• Caveat Creditor: Courts Split Regarding Abrogation of Absolute Priority Rule for Individual Chapter 11 Debtors
  • June 14, 2013 | Authors: Scott St. Amand; J. Ellsworth Summers
  • Law Firm: Rogers Towers, P.A. - Jacksonville Office
  • Although the 2005 BAPCPA amendments appeared to be a boon for creditors, at least with respect to Chapter 7 claims, individual Chapter 11 debtors immediately seized upon a perceived ambiguity in Congress’ language with regards to cramdown, which may ultimately prove costly for creditors.

    Generally, a plan of reorganization can be confirmed in one of two ways. If § 1129(a) is satisfied, a plan can be confirmed with the consent of each class of creditor. If the debtor does not have the consent of each class of creditor but satisfies the remainder of the paragraphs of § 1129(a), then the bankruptcy court may still confirm the plan, as long as the plan is, among other things, “fair and equitable.” This latter nonconsensual method is commonly referred to as “cramdown.”

    When a plan is crammed down, it is “fair and equitable” so long as it satisfies the Absolute Priority Rule of § 1129(b)(2)(B)(ii) (the “APR”). In other words, a reorganization plan that does not pay an unsecured creditor in full is nevertheless “fair and equitable,” and can be confirmed over the unsecured creditor’s objections, so long as an individual debtor does not retain property - except such property included in the bankruptcy estate under § 1115. This italicized exception, added in 2005 as part of the BAPCPA amendments, has caused a distinct split in courts throughout the country.

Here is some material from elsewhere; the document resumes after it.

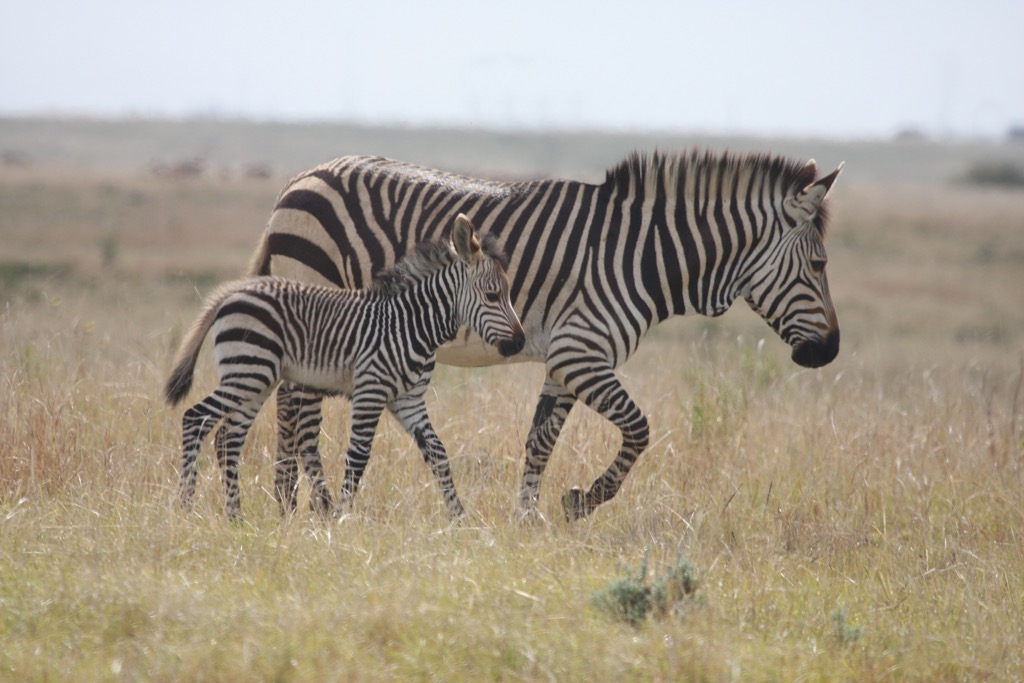 The Cape mountain zebra is smaller than the common Plains zebra, with narrower hooves and a white belly. Zebra National Park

    Courts interpreting this new language disagree about the meaning of the phrase “property included in the estate under § 1115,” and thus also disagree as to the extent to which the APR applies to individual debtors after the amendment. A broad interpretation of the amendment would allow an individual debtor’s reorganization plan to be confirmed, while the debtor retains all property and wages acquired both pre-petition and post-petition, even if that plan does not pay an unsecured creditor in full, thus abrogating the APR. A narrow interpretation, on the other hand, would allow the individual debtor to keep only property and wages acquired post-petition.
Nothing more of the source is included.